Otra circunstancia favorable al desarrollo de la Revolución era la situación internacional del gobierno de Díaz. Siguiendo una política preconizada por liberales como Lerdo y por casi todo el partido conservador, Porfirio Díaz quiso limitar la influencia económica norteamericana acudiendo al capitalismo europeo. "Las relaciones internacionales despertaron honda preocupación en las postrimerías del Gobierno de Díaz. El apoyo concedido al capital inglés provocó recelos en el norteamericano. Hubo otras causas de enfriamiento, como la protección que Díaz ofreció al Presidente de Nicaragua, la negativa a conceder una prórroga para que permaneciera la flota de los Estados Unidos en la bahía Magdalena y el fallo favorable a México que dictó un arbitro canadiense en el conflicto de límites conocido con el nombre del Chamizal. Es indudable que los Estados Unidos toleraron en su territorio la acción política de los revolucionarios, pero no es posible reducir la Revolución mexicana, como quieren algunos conservadores, a una conspiración del imperialismo yanqui. La intervención posterior del embajador norteamericano en el golpe de mano contrarre-volucionario que derrocó al presidente Madero prueba hasta dónde debe limitarse la influencia extranjera en el desarrollo de la Revolución.

Si las huelgas y revuelta campesinas minaban la estructura social de la Dictadura y la inquietud política en las ciudades hacía vacilar la confianza de Díaz en el apoyo popular, en la esfera de las ideas dos jóvenes, Antonio Caso y José Vasconcelos, emprendían la crítica de la filosofía del régimen. Su obra forma parte de la vasta renovación intelectual iniciada por el grupo llamado Ateneo de la Juventud.

Antonio Caso acomete, en 1909, el examen de la filosofía positivista. En el curso de siete conferencias (las tres primeras dedicadas a Comte y sus precursores, las cuatro restantes al "positivismo independiente", Stuart Mili, Spencer y Taine), expone su inconformidad con la doctrina oficial. En su examen utiliza sobre todo la filosofía de la contingencia de Boutroux y algunas ideas de Bergson. Al final de sus conferencias, Caso dio a conocer su filosofía personal. He aquí cómo relata Henríquez Ureña este acto de fe: "Caso, ante la inminente invasión del pragmatismo y tendencias afines, se postula intelectualista... haciendo el elogio de los grandes metafísicos constructores, Platón, Spinoza, Hegel; y a la vez se declara idealista en cuanto al problema del conocimiento... su profesión de fe termina con una cita ('Todo es pensamiento'...) de Henri Poincaré, el sabio pragmatista... La conferencia final de Caso fue un alegato en favor de la especulación filosófica.
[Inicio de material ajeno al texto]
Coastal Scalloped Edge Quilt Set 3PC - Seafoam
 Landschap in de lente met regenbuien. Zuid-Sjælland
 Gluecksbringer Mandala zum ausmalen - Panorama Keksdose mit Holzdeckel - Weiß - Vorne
Entre los muros de la Escuela Preparatoria, la vieja escuela positivista, volvió a oírse la voz de la metafísica que reclama sus derechos inalienables.”

Vasconcelos era anti-intelectualista. Filósofo de la intuición, considera que la emoción es la única facultad capaz de aprehender el objeto. El conocimiento es una visión total e instantánea de la realidad. Vasconcelos elabora más tarde una "filosofía de la raza iberoamericana", que continúa una corriente muy importante del pensamiento hispanoamericano. Pero la influencia de este pensador se dejará sentir años más tarde, cuando ocupa la Secretaría de Educación Pública en el Gobierno del nuevo régimen.